Hi,
This is a slightly complex question about KDB+ IPC Serialization.
I am working on updating some legacy code which implements the KDB+ wire protocol for IPC/network communication.
A programming language typically has access to OS System Calls to do things such as read and write files, read and write data to sockets, etc.
In the case of Linux systems, the OS function to receive data from a socket is recv.
This function reads data from a socket, and writes it to a buffer in memory. It returns the number of bytes read from the socket, or a negative integer in the case of error.
It takes a parameter which specifies the maximum number of bytes to be read. Let us call this n.
However, there is no guarantee that n bytes of data will be read from a socket. This is because when calling recv we do not know what data will arrive. (It could be junk.)

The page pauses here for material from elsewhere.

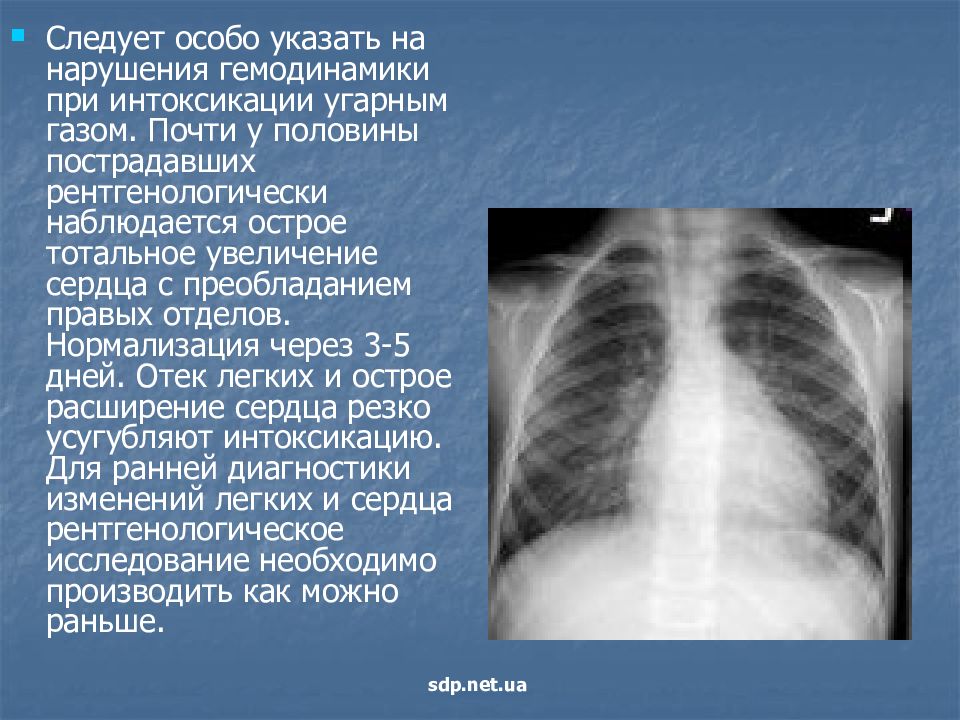 Какой цвет кожи при отравлении угарным газом. Изменения в легких при отравлении угарным газом. Кожные покровы при отравлении угарным газом. Презентация на тему отравление угарным газом. Диагностирование отравления угарным газом.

In addition, IP packets may be fragmented. I think I am correct in saying that in principle there are no restrictions on how badly a network packet can be fragmented. I think I am correct in stating that the packet could be fragmented all the way down to the minimum size, which I assume is one byte of client data per packet. (Obviously packets have IP headers and ethernet headers etc so that actual minimum packet size is much larger than a single byte, but the actual client data contained within can presumably be very small.)
Onto the main part of my question - I am unsure as to how I should implement the logic relating to recv.
I looked as the specification for the KDB+ IPC. I don’t understand how the serialization specification guarantees that recv always knows if there is more data to be read from a socket or whether the message is complete.
In particular, KDB+ can apply compression to a block of data before sending. Presumably, in order to read a compressed block of data from a socket, we would need to know how many bytes of data need to be read before attempting to decompress the block of data.
Does this question make sense? Basically, I am asking how to determine how many bytes need to be read by 1 or more calls to recv before the reader knows the full message has been received.